- **Directions for this task**
A faithful transcript of all the lines below, with no pictures, is the goal here.
*** Opening Source material ***
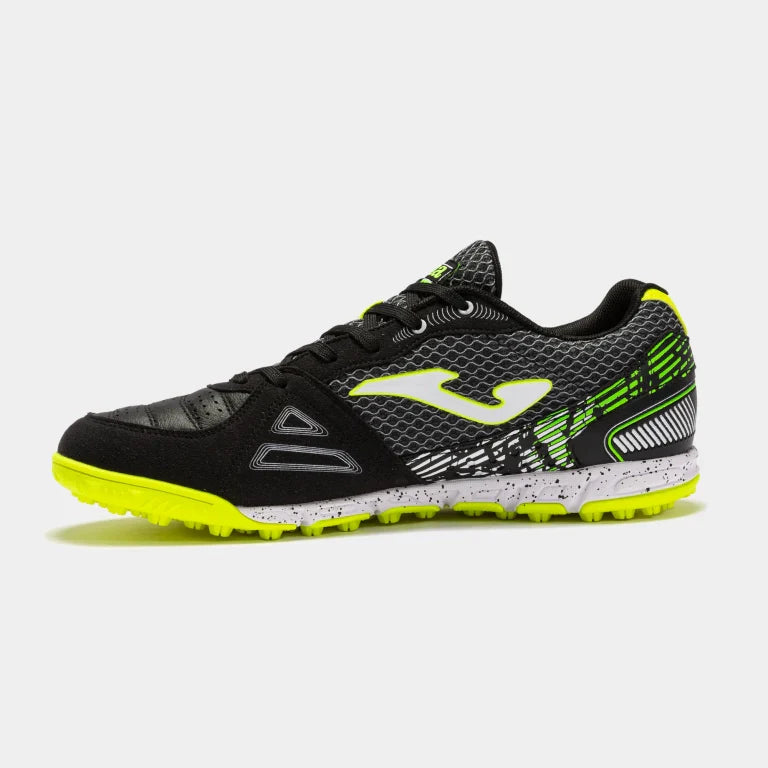 Joma Mundial 2201 TF Mens Soccer Cleats Black Fluo Yellow
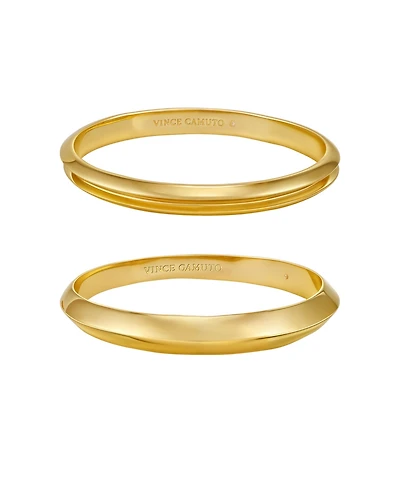 Vince Camuto Gold Tone Bangle Bracelet Set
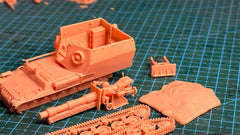3d Printed 1/72 WWII Lorraine Self-Propelled Howitzer Unpainted Kit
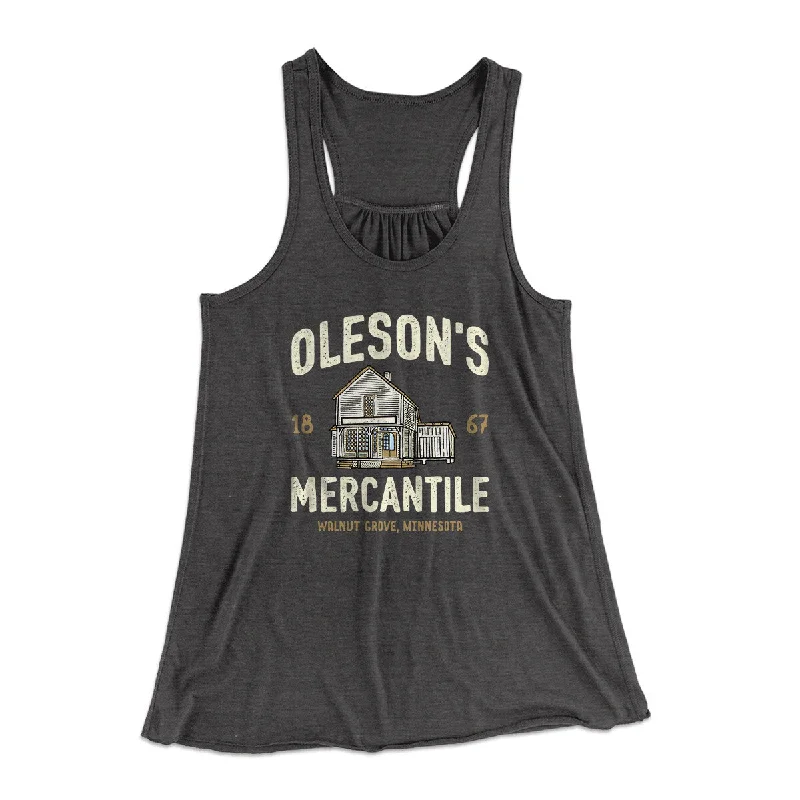 stylish women’s suits for business casual wear -Oleson's Mercantile Women's Flowey Racerback Tank Top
*** Closing Source material ***
- **Answer area**
 Joma Mundial 2201 TF Mens Soccer Cleats Black Fluo Yellow
 Vince Camuto Gold Tone Bangle Bracelet Set
3d Printed 1/72 WWII Lorraine Self-Propelled Howitzer Unpainted Kit
 stylish women’s suits for business casual wear -Oleson's Mercantile Women's Flowey Racerback Tank Top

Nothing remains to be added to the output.